Elections are clearly an essential part of the democratic process, and the appropriate channel for expressing opinions and political positions, as well as a means of protecting the interests of groups and political parties. Elections are an alternative route to violent change, through which interests are protected and rights are obtained by peaceful competition.

Participation in the administration of public affairs is one of the fundamental human rights. The Bahraini constitution states that citizens, both male and female, have the right to participate in public affairs and enjoy political rights, including the right to vote and nominate.

More than ever before, Bahrain is currently in desperate need for the elections to be a success. This is due to the presence of violence as an alternative for what has so far been achieved, and the doubts surrounding the political process as a whole. Although there are indications that the upcoming elections will be successful, it is necessary to remember that any setbacks in the political process will be considered a success for the extremists’ choice.

Successful elections this time mean an increase in the number of voters and the possibility of women winning seats in Parliament. The elections success will also depend on whether it results in a big change in the performance of MPs, and their relations with the Executive Authority and the extent of its flexibility.

In order for the elections to be a success and gain local and international recognition, they must be credible. Elections can only be described as free if they allow the opportunity for the public to be expressed fully. This necessitates guaranteeing freedom of: expression, media, assembly, movement and establishing societies, as well as providing security for people during the elections, and allowing them to vote without fear or pressure.

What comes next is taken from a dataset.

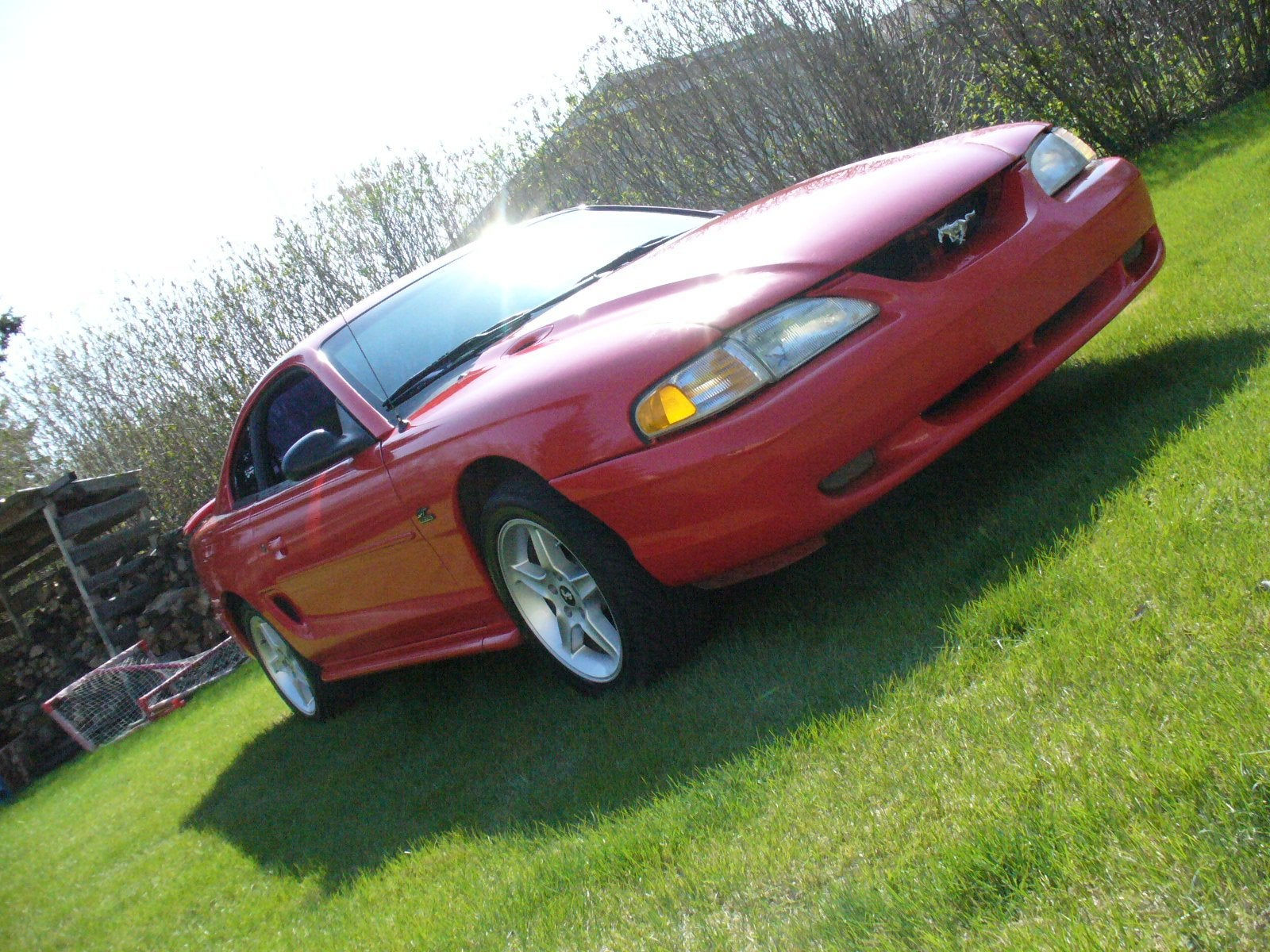 Wallpaper #wCb2mpcBNyflpn9rNYmm123 1994 1998 Sn95 Ford Mustang Picture Thread Ford Mustang Forum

Moreover, in order to guarantee the integrity of the elections, two conditions must be met: the first relates to procedures, which include equality, confidentiality and ensuring that the elections take place periodically. The second concerns the results, which should reflect the voters’ free will.

Monitoring is an effective means of guaranteeing credible elections, as the presence of monitors decreases the possibility of fraud, instils trust in voters and increases their ability to participate in elections, and to freely express their political will without any doubts or fear.

In the 2002 and 2006 elections, monitoring was limited to local societies represented by the Bahrain Human Rights Society and the Transparency Society. These two societies, as well as the National Institution for Human Rights are expected to monitor the 2010 elections. Government apparatuses are also required to provide all the necessary help to the monitors so they can perform their duty correctly. Monitoring should cover all stages of the elections, including the campaigning stage, registration of voters, voting, counting, results and follow ups. Independent courts should also play an important role in elections through prompt dealing with voters’ complaints.

Public demands can be fulfilled through elected representatives who should reflect the aspirations of their voters and defend their interests inside Parliament. MPs should also reassure voters that their demands will be presented and followed-up in Parliament. This requires them to have a high level of performance and awareness, in order to translate their slogans into actions. Additionally, bylaws that sometimes hinder the work of MPs should be amended.

It should also be stressed that constructive cooperation between the House of Representatives and the Shura Council on one hand, and the Government on the other hand, is essential so that laws can be passed quickly and delays be avoided, such as the delay in passing the Press Law.

The integrity of the upcoming elections, the acceptance of results, the seriousness and mature performance of MPs to represent the voters effectively, and the cooperation of the Executive and Legislative Authorities should result in a decrease in violence, whatever its motives.